▶ TASK DIRECTIONS
Starting at the line containing "Orage sur les Aiguilles d'Ansabère" and ending at the line containing "В Зилаире родители выпускников написали ЕГЭ", transcribe the listing below exactly. Keep both end lines, skip the pictures, and copy nothing else.

▶ MATERIAL SHOWN
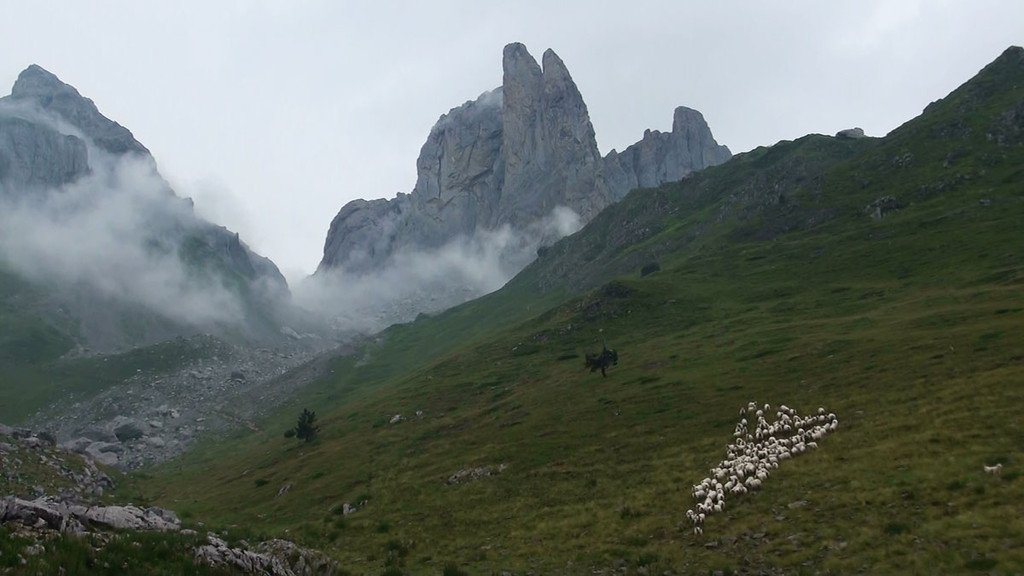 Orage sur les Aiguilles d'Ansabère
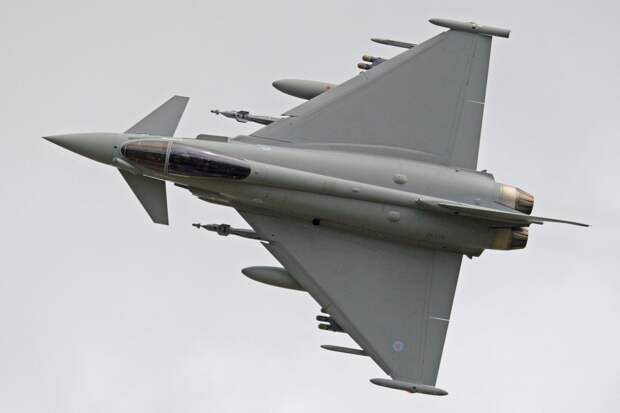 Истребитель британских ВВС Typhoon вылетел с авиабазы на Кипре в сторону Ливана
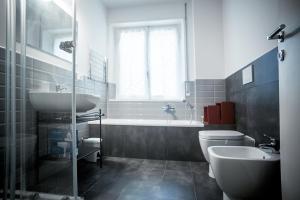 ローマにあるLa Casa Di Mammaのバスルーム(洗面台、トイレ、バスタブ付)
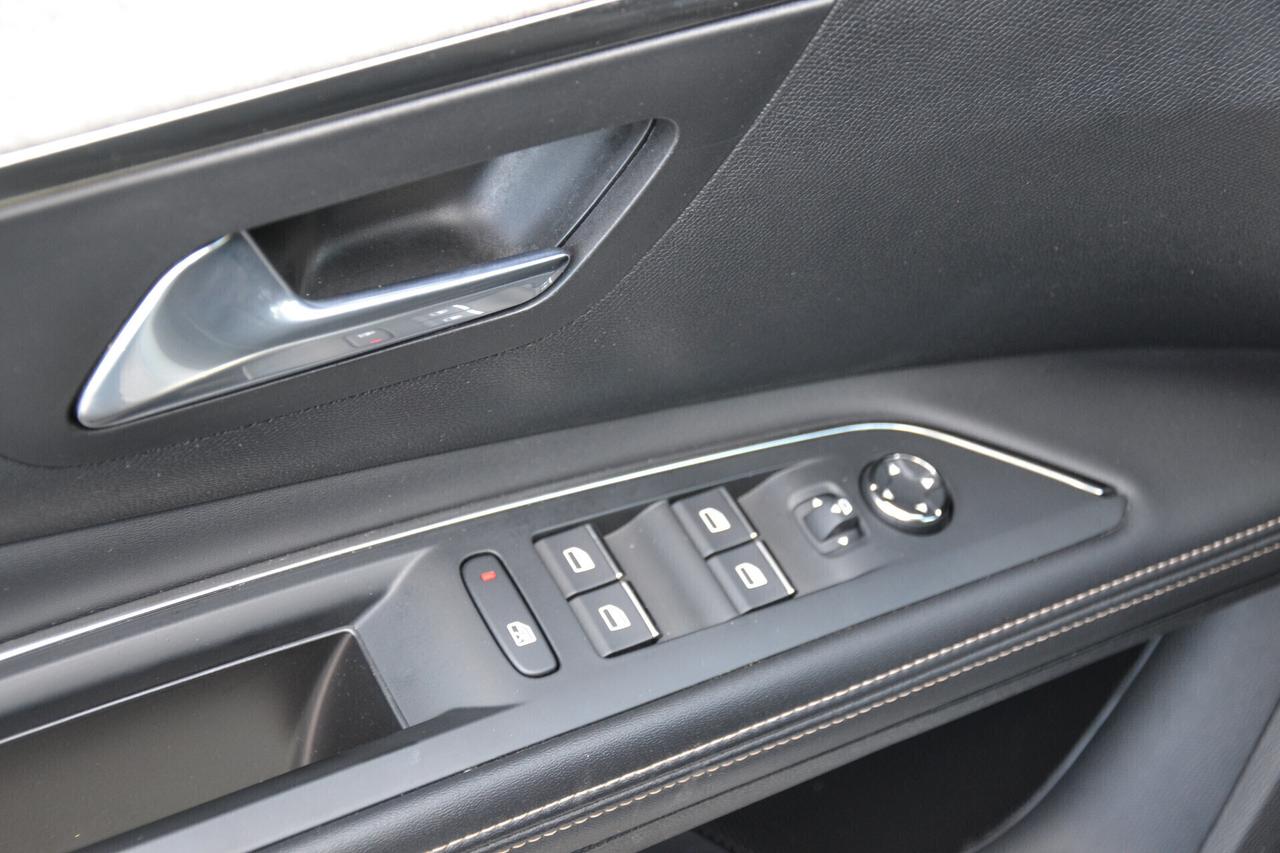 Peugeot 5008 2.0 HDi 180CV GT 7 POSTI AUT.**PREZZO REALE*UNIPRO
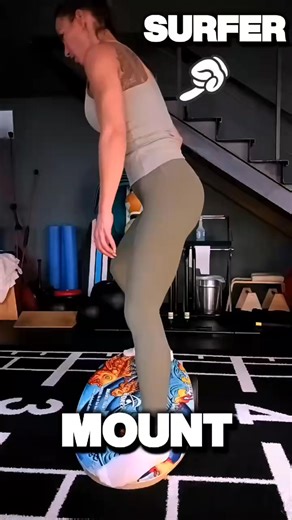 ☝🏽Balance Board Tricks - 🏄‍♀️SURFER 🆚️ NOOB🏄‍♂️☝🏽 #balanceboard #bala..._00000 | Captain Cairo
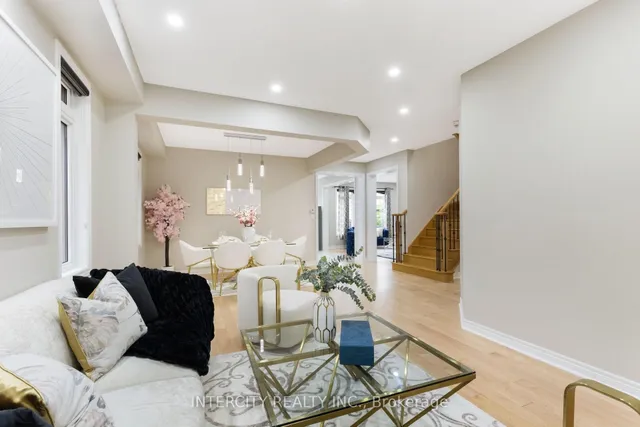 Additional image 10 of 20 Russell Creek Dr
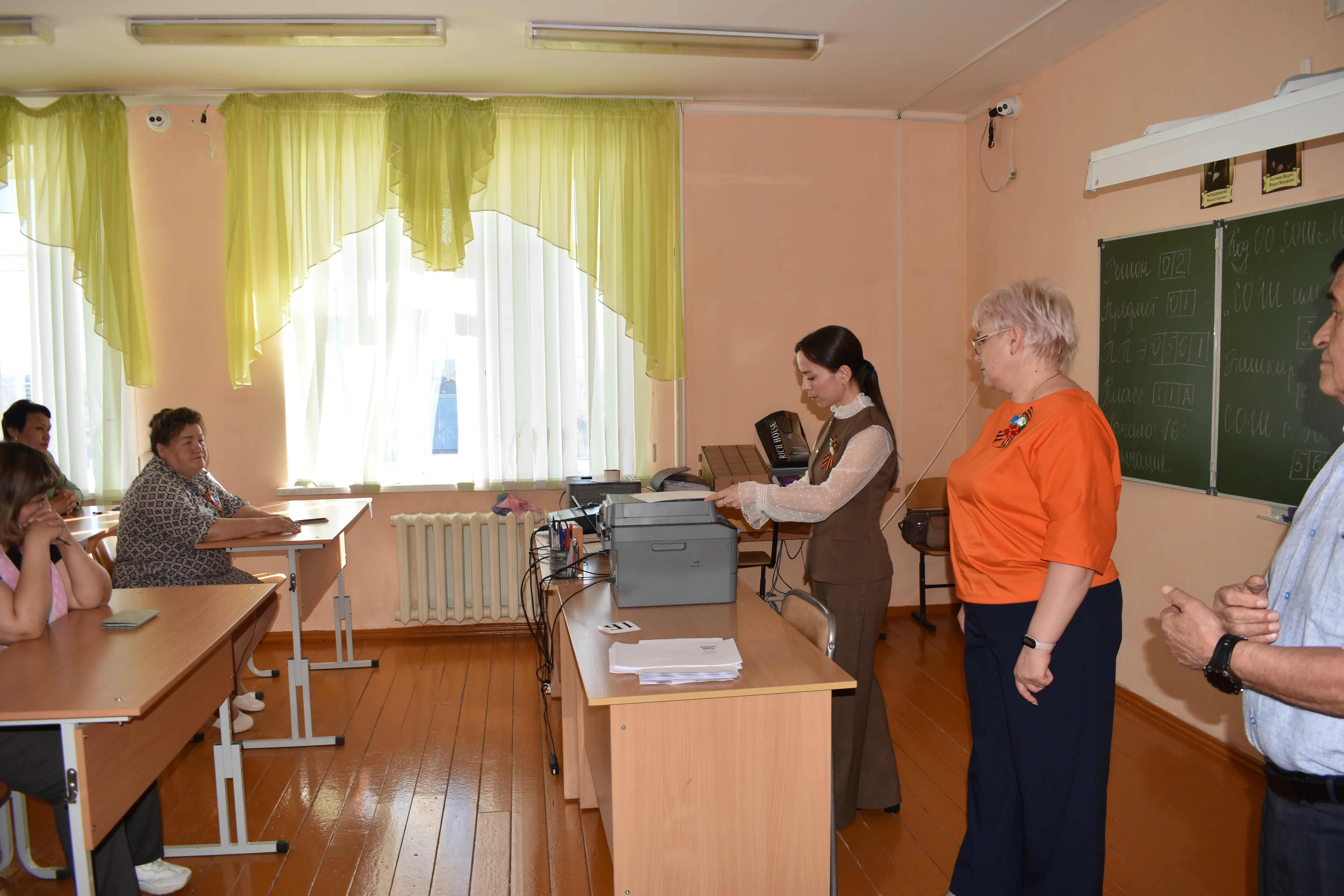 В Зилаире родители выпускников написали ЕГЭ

---

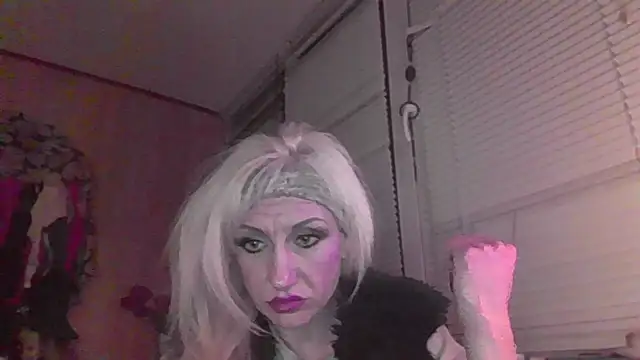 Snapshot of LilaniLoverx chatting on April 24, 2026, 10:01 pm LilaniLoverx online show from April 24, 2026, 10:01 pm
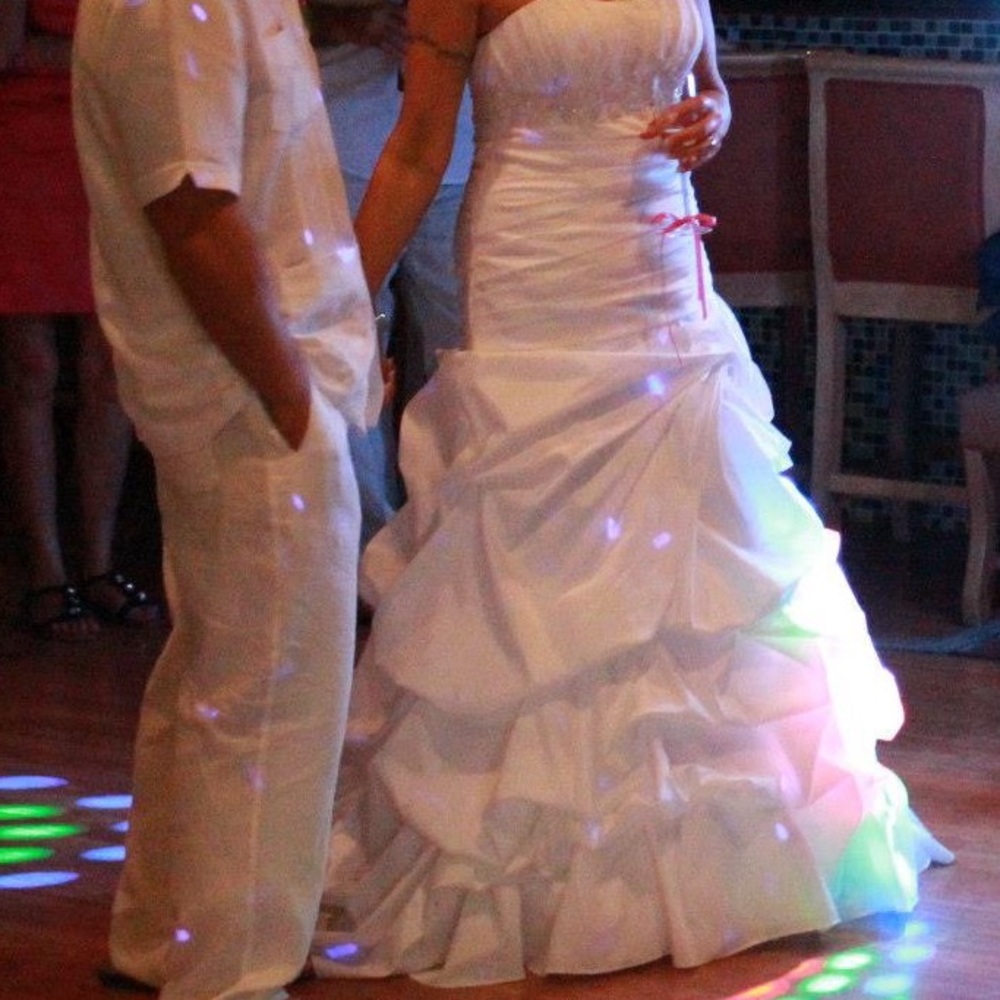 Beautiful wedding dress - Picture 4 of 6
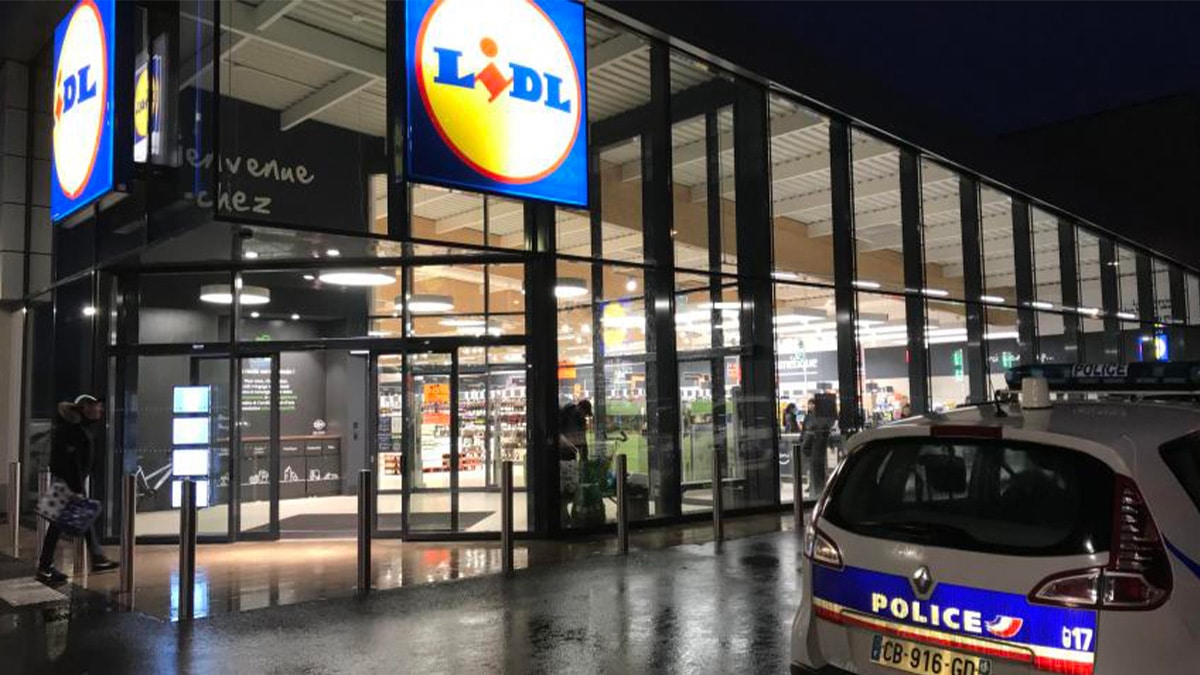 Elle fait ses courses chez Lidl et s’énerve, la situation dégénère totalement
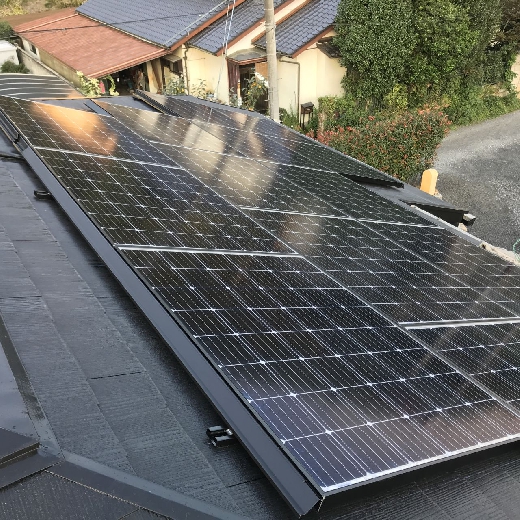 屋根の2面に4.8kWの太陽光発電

▶ RESPONSE TO THIS EXERCISE
 Orage sur les Aiguilles d'Ansabère
 Истребитель британских ВВС Typhoon вылетел с авиабазы на Кипре в сторону Ливана
 ローマにあるLa Casa Di Mammaのバスルーム(洗面台、トイレ、バスタブ付)
 Peugeot 5008 2.0 HDi 180CV GT 7 POSTI AUT.**PREZZO REALE*UNIPRO
 ☝🏽Balance Board Tricks - 🏄‍♀️SURFER 🆚️ NOOB🏄‍♂️☝🏽 #balanceboard #bala..._00000 | Captain Cairo
 Additional image 10 of 20 Russell Creek Dr
 В Зилаире родители выпускников написали ЕГЭ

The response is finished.